What needs to be done: Retype the entries, please, from their first line to the line containing "Butterfly On Flowers", exactly and only those lines, minus the pictures.

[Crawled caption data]

——

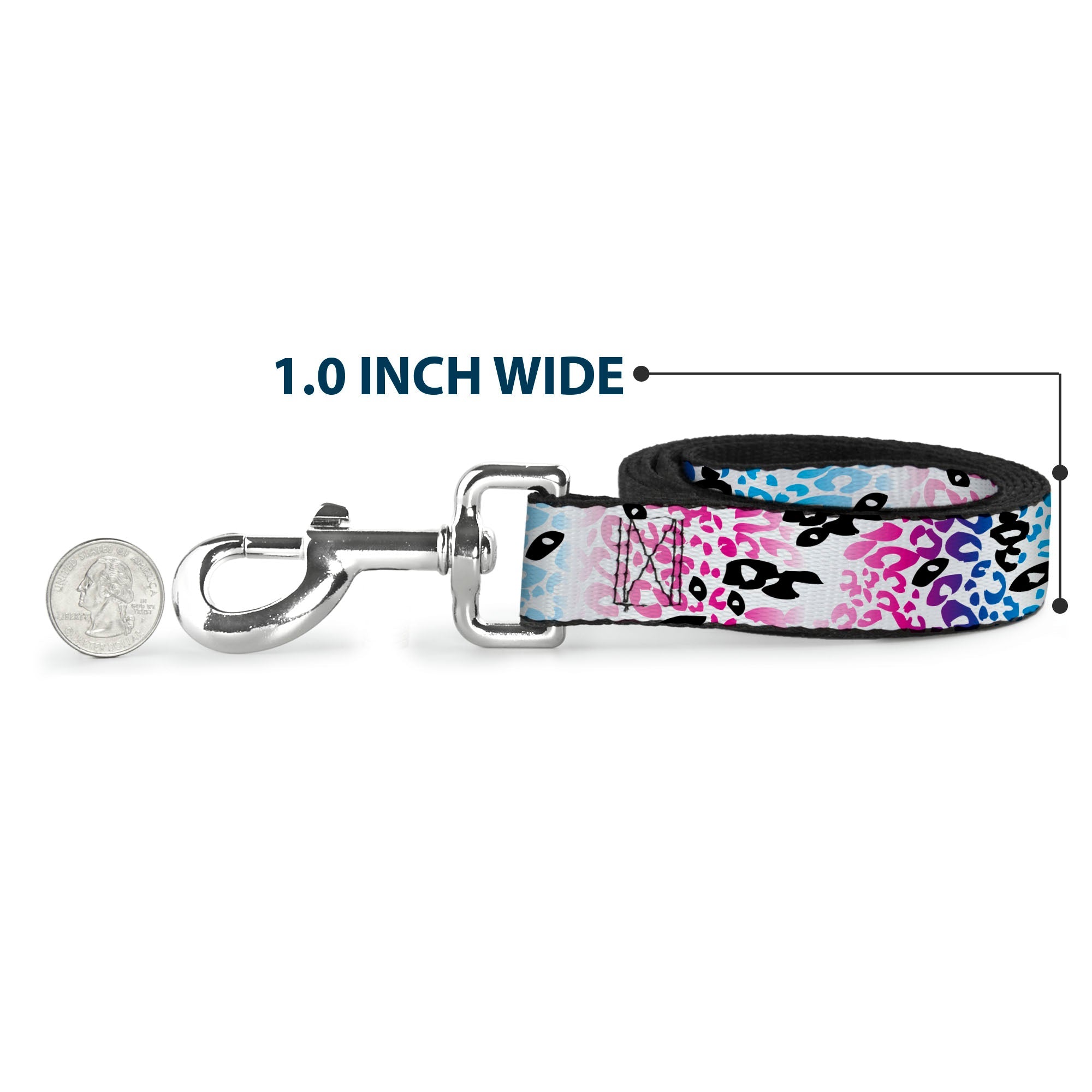 Dog Leash - Leopard White/Pinks/Blues/Black
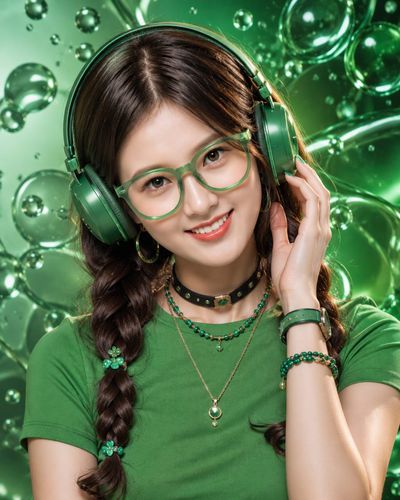 Captivating Studio Portrait of a Stylish Young Woman in Green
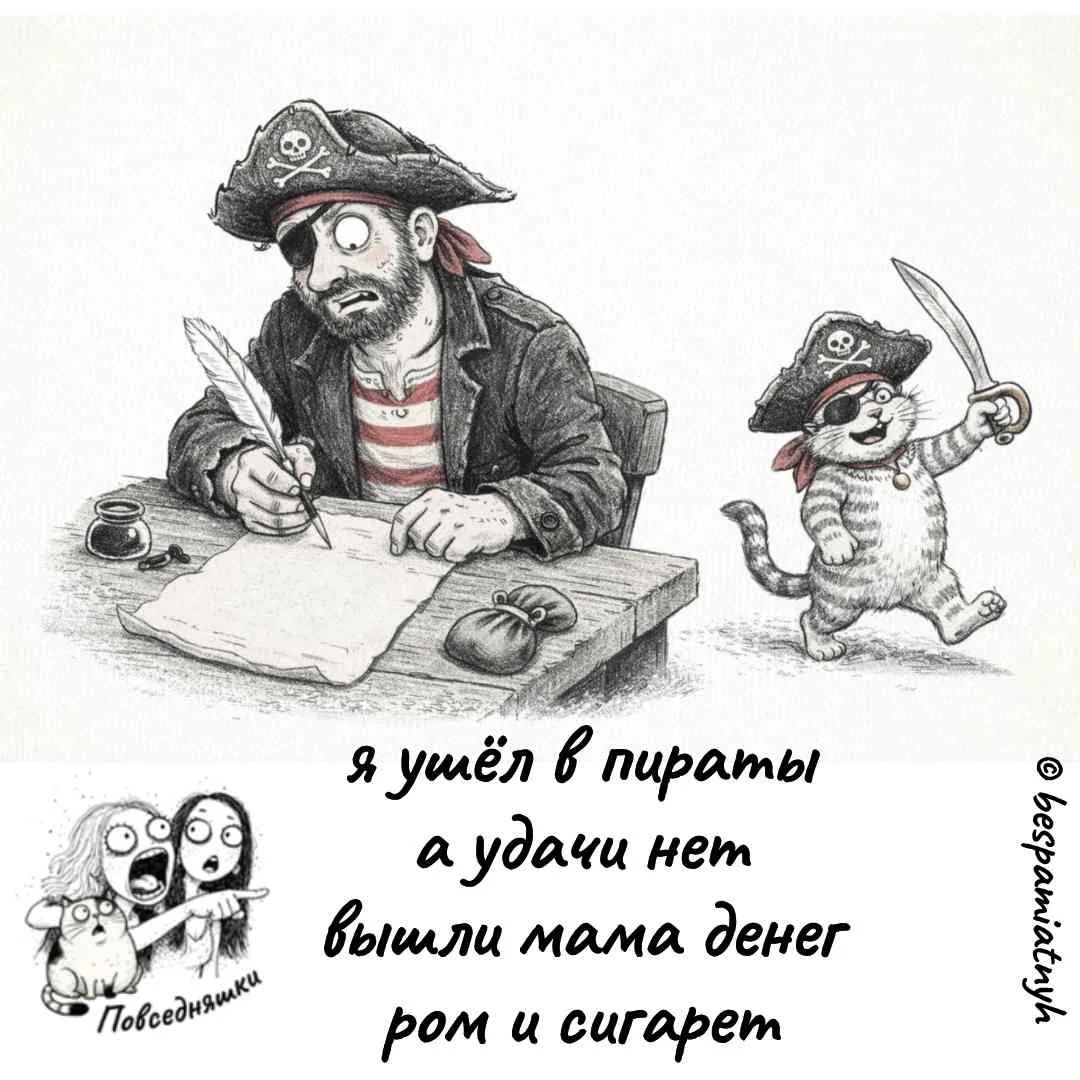 я ушёл в пираты а удачи нет вышли мама денег ром и сигарет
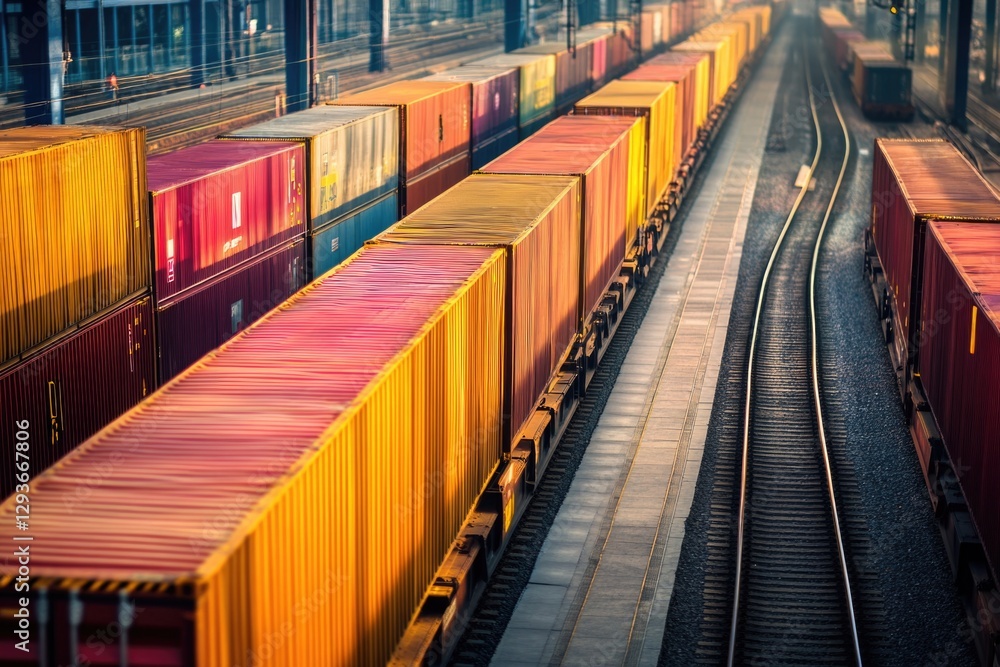 Fototapeta premium Trains, rail, freight, cargo, industrial, transportation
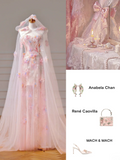 Modest Prom Dresses Aesthetic A Line Strapless Pink Lace Tulle Inspiration Impress With Cape Long Party Formal Gown For Teenagers High Schools HZ0311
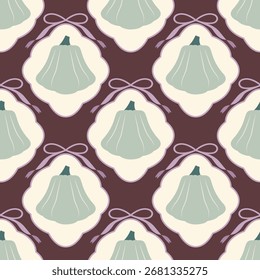 Seamless autumn pattern with stylized mint pumpkins tied by delicate purple bows on a dark burgundy background, vintage harvest style.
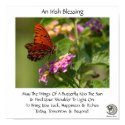 Butterfly On Flowers ~ Irish Blessing posters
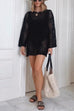 Rosiedress Long Sleeves Hollow Out Crochet Beach Cover Up Dress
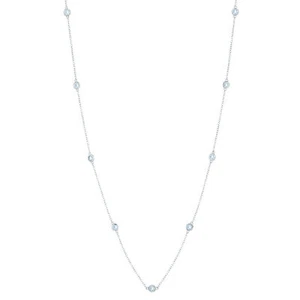 Sterling Silver Round Blue Topaz Yard Necklace with 9 Stations for Women - 18" - Picture 1 of 7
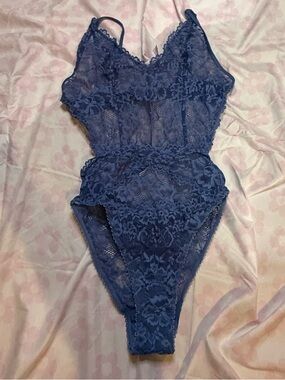 Savage X Fenty Navy Blue Lace Sheer V-Neck Bodysuit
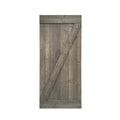 Gray Stained Pine Wood Single Barn Door O3714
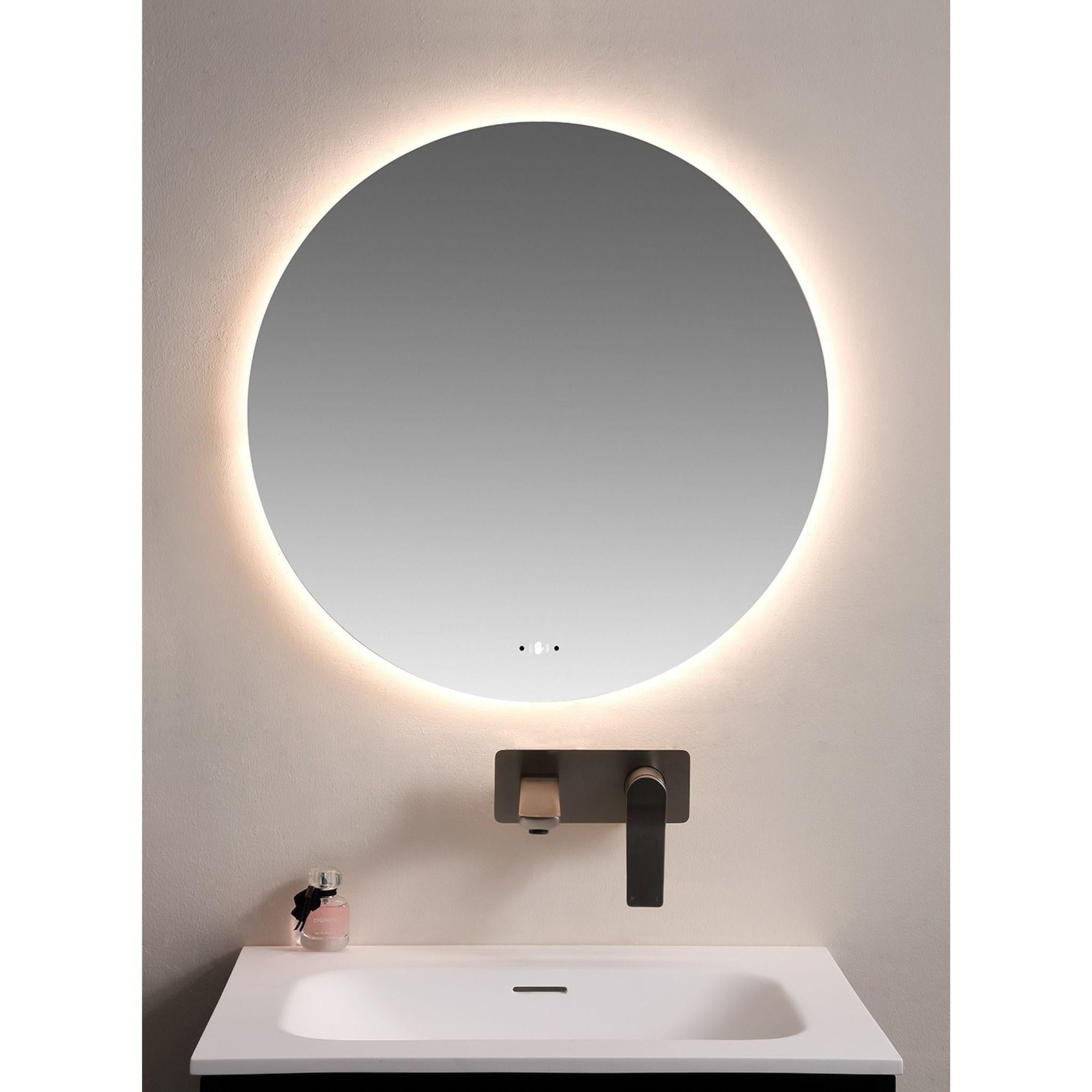 POSEIDON LUNA ROUND FRAMELESS BACKLIT LED MIRROR 3 COLOUR LIGHTS 800X800MM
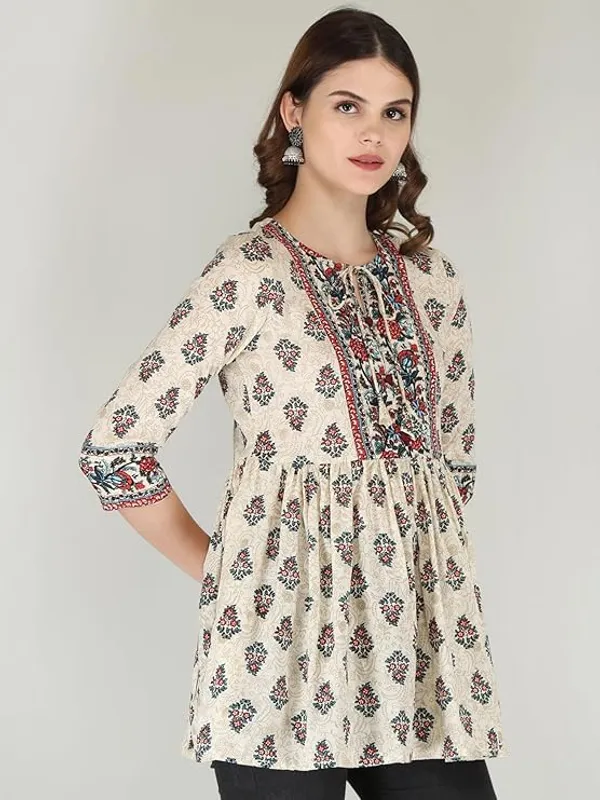 Cream_Rayon_Cotton_Blend_Top_For_Women
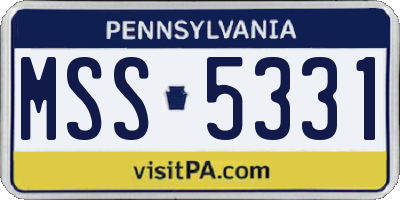 PA license plate MSS5331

——

Answer to this exercise:
 Dog Leash - Leopard White/Pinks/Blues/Black
 Captivating Studio Portrait of a Stylish Young Woman in Green
 я ушёл в пираты а удачи нет вышли мама денег ром и сигарет
 Fototapeta premium Trains, rail, freight, cargo, industrial, transportation
 Modest Prom Dresses Aesthetic A Line Strapless Pink Lace Tulle Inspiration Impress With Cape Long Party Formal Gown For Teenagers High Schools HZ0311
 Seamless autumn pattern with stylized mint pumpkins tied by delicate purple bows on a dark burgundy background, vintage harvest style.
 Butterfly On Flowers ~ Irish Blessing posters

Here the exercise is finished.